● Task statement: Copy everything in the data below exactly except the pictures.

● Information provided:
*** Begin section ***
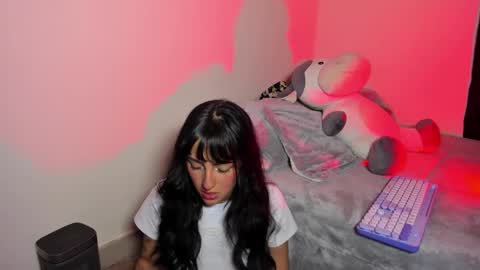 Lola online show from March 6, 8:55 am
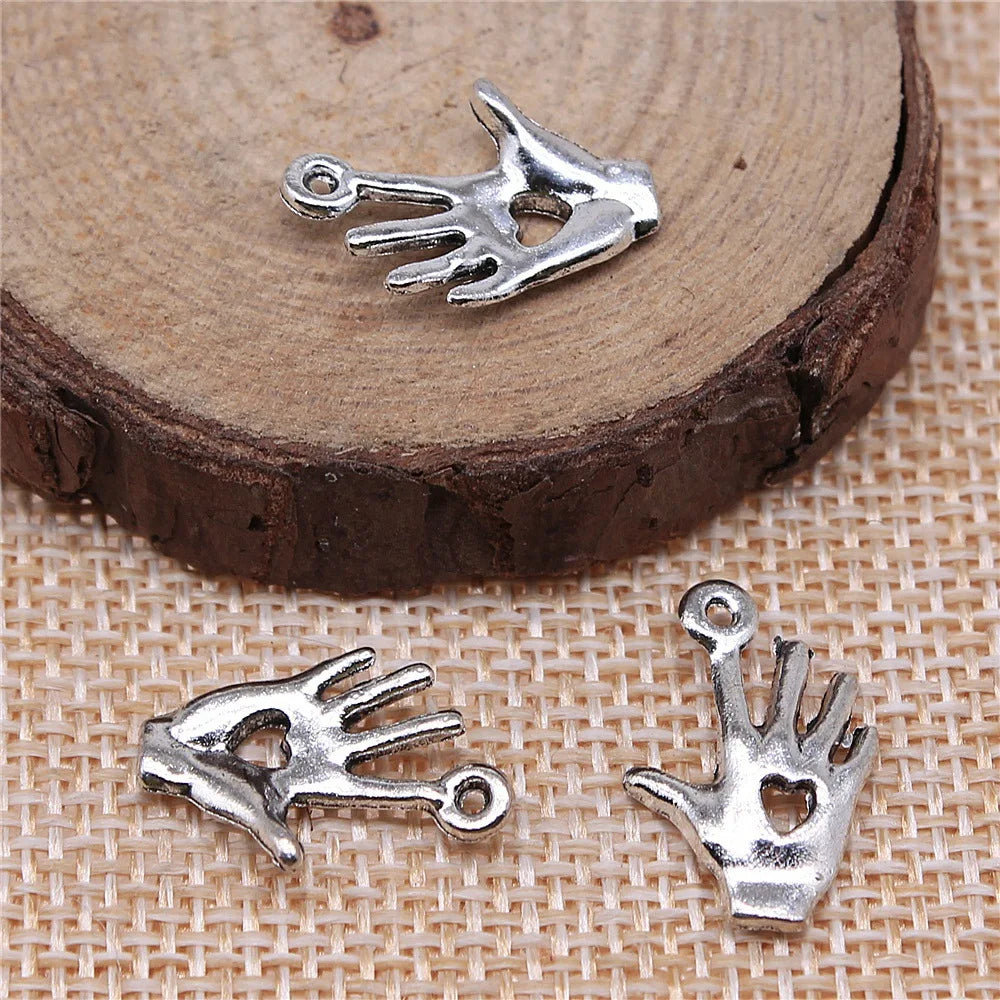 18x11mm 1g Antique silver tone zinc alloy Hand Heart charm pendant for DIY bracelet necklace making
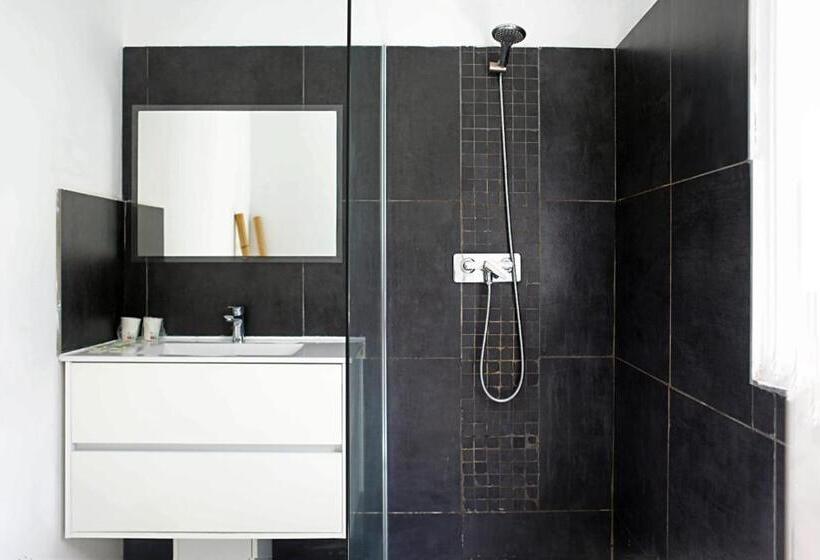 スタンダードルーム, Maora Village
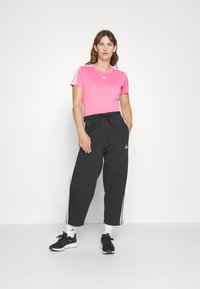 adidas Sportswear ESSENTIALS 3-STRIPES OPEN HEM FLEECE - Pantaloni de trening - black/white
*** End section ***
● Output for this task:
 Lola online show from March 6, 8:55 am
 18x11mm 1g Antique silver tone zinc alloy Hand Heart charm pendant for DIY bracelet necklace making
 スタンダードルーム, Maora Village
 adidas Sportswear ESSENTIALS 3-STRIPES OPEN HEM FLEECE - Pantaloni de trening - black/white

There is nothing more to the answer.